The inaccuracy of accurate data

John Lucker, former senior partner and global advanced analytics market leader at Deloitte discusses phenomenal insights around data, innovation and industry benchmarks.

Interviewer notes:
As Deloitte’s global advanced analytics market leader, John Lucker has been a guiding light in the world of insurance analytics for me for over a decade. John recently retired from Deloitte and is now advising insurance and insurtech / tech companies and boards as well as state insurance regulators.

As a consultant, he brought to market numerous insurance underwriting, claims, operational, and distribution solutions that have become standards in the global industry.

He recently took some time to discuss some of his thoughts with me on the “inaccuracy of our accurate data” in the insurance industry.
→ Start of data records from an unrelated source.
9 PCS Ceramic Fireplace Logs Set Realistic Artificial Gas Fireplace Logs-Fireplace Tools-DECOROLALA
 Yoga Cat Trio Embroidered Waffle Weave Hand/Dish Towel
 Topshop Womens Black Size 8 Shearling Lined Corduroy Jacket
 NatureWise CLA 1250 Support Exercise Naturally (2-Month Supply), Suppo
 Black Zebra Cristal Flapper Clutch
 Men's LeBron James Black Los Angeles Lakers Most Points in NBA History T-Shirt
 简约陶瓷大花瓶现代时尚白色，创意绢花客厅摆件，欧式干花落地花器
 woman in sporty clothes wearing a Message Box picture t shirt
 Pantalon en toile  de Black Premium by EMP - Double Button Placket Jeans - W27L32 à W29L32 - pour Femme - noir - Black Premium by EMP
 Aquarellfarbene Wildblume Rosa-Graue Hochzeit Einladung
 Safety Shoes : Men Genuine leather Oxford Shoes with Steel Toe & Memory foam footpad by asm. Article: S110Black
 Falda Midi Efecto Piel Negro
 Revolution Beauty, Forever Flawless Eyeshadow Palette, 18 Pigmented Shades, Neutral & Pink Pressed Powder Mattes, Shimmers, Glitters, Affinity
John’s reflections on data and how it is used in our industry are inspiring, the kind of things that can only come from a true insurance veteran and strategist who has worked with data models and analytics for decades.

For more information on John’s background, you can check out his website at www.johnlucker.com or LinkedIn page.

Interview:

David Schapiro (DS): Could you please tell us a bit about yourself and your journey in the insurance industry?

John Lucker (JL): As you mentioned in your introduction, I recently retired as a Deloitte principal after almost 20 years working as a practice leader, innovator, and evangelist for many topics involving advanced analytics strategy in the insurance industry. My journey in the insurance industry started, prior to Deloitte, as an internal audit consultant at a large P&C insurer and later as the CTO and Controller of a reinsurance company. It was these experiences, in 2000 and before, when I developed a stronger appreciation and passion for the challenges that companies face when governing their data and using it to improve underwriting, pricing, claims handling, and other core insurance operational processes. I saw that big data, advanced analytics, and the creative combination of methods into end-to-end solutions could be used to help solve some of the most vexing business problems faced by insurers. At the core of my journey was the creation of proprietary intellectual property positioned within unique business methods to create powerful market differentiation.

DS: How would you define the insurance data ecosystem?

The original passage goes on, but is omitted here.